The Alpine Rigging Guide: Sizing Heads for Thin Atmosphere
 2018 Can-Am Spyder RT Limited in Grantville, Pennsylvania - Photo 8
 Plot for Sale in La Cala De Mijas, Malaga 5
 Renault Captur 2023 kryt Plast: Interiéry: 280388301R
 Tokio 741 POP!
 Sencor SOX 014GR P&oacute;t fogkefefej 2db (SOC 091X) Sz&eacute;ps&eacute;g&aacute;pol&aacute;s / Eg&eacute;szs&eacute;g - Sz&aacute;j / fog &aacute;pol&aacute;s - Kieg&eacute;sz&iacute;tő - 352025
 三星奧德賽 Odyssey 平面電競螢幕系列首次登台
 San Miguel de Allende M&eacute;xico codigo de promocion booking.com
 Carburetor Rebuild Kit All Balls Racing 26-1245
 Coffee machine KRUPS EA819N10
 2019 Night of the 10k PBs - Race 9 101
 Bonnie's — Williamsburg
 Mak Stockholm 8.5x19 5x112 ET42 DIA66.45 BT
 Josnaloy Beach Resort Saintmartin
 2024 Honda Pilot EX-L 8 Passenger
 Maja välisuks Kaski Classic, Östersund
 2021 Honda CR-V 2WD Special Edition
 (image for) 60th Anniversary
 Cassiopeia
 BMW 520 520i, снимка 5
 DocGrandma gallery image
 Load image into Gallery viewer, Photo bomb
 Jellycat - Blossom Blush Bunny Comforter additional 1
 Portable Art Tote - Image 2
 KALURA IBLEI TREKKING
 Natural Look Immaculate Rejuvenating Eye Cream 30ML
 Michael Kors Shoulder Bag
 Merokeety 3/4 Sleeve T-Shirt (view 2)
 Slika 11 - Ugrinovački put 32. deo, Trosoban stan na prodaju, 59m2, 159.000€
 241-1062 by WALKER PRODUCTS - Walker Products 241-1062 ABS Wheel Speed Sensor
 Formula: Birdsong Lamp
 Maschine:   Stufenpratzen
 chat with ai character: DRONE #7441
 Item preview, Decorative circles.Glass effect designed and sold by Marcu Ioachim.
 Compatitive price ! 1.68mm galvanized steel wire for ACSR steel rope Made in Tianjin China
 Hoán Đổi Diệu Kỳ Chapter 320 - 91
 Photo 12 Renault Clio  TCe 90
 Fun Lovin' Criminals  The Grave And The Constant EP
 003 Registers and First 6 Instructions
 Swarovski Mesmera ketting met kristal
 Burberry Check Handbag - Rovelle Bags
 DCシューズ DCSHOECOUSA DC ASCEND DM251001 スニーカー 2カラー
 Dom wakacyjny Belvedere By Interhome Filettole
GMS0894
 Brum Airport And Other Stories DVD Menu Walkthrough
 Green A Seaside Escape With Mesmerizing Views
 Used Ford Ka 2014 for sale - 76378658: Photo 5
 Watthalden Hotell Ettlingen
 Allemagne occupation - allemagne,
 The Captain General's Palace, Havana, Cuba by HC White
-.-.-
YOUR GOAL:
Copy out all the entries shown above, character for character.

YOUR RESPONSE:
The Alpine Rigging Guide: Sizing Heads for Thin Atmosphere
 2018 Can-Am Spyder RT Limited in Grantville, Pennsylvania - Photo 8
 Plot for Sale in La Cala De Mijas, Malaga 5
 Renault Captur 2023 kryt Plast: Interiéry: 280388301R
 Tokio 741 POP!
 Sencor SOX 014GR P&oacute;t fogkefefej 2db (SOC 091X) Sz&eacute;ps&eacute;g&aacute;pol&aacute;s / Eg&eacute;szs&eacute;g - Sz&aacute;j / fog &aacute;pol&aacute;s - Kieg&eacute;sz&iacute;tő - 352025
 三星奧德賽 Odyssey 平面電競螢幕系列首次登台
 San Miguel de Allende M&eacute;xico codigo de promocion booking.com
 Carburetor Rebuild Kit All Balls Racing 26-1245
 Coffee machine KRUPS EA819N10
 2019 Night of the 10k PBs - Race 9 101
 Bonnie's — Williamsburg
 Mak Stockholm 8.5x19 5x112 ET42 DIA66.45 BT
 Josnaloy Beach Resort Saintmartin
 2024 Honda Pilot EX-L 8 Passenger
 Maja välisuks Kaski Classic, Östersund
 2021 Honda CR-V 2WD Special Edition
 (image for) 60th Anniversary
 Cassiopeia
 BMW 520 520i, снимка 5
 DocGrandma gallery image
 Load image into Gallery viewer, Photo bomb
 Jellycat - Blossom Blush Bunny Comforter additional 1
 Portable Art Tote - Image 2
 KALURA IBLEI TREKKING
 Natural Look Immaculate Rejuvenating Eye Cream 30ML
 Michael Kors Shoulder Bag
 Merokeety 3/4 Sleeve T-Shirt (view 2)
 Slika 11 - Ugrinovački put 32. deo, Trosoban stan na prodaju, 59m2, 159.000€
 241-1062 by WALKER PRODUCTS - Walker Products 241-1062 ABS Wheel Speed Sensor
 Formula: Birdsong Lamp
 Maschine:   Stufenpratzen
 chat with ai character: DRONE #7441
 Item preview, Decorative circles.Glass effect designed and sold by Marcu Ioachim.
 Compatitive price ! 1.68mm galvanized steel wire for ACSR steel rope Made in Tianjin China
 Hoán Đổi Diệu Kỳ Chapter 320 - 91
 Photo 12 Renault Clio  TCe 90
 Fun Lovin' Criminals  The Grave And The Constant EP
 003 Registers and First 6 Instructions
 Swarovski Mesmera ketting met kristal
 Burberry Check Handbag - Rovelle Bags
 DCシューズ DCSHOECOUSA DC ASCEND DM251001 スニーカー 2カラー
 Dom wakacyjny Belvedere By Interhome Filettole
GMS0894
 Brum Airport And Other Stories DVD Menu Walkthrough
 Green A Seaside Escape With Mesmerizing Views
 Used Ford Ka 2014 for sale - 76378658: Photo 5
 Watthalden Hotell Ettlingen
 Allemagne occupation - allemagne,
 The Captain General's Palace, Havana, Cuba by HC White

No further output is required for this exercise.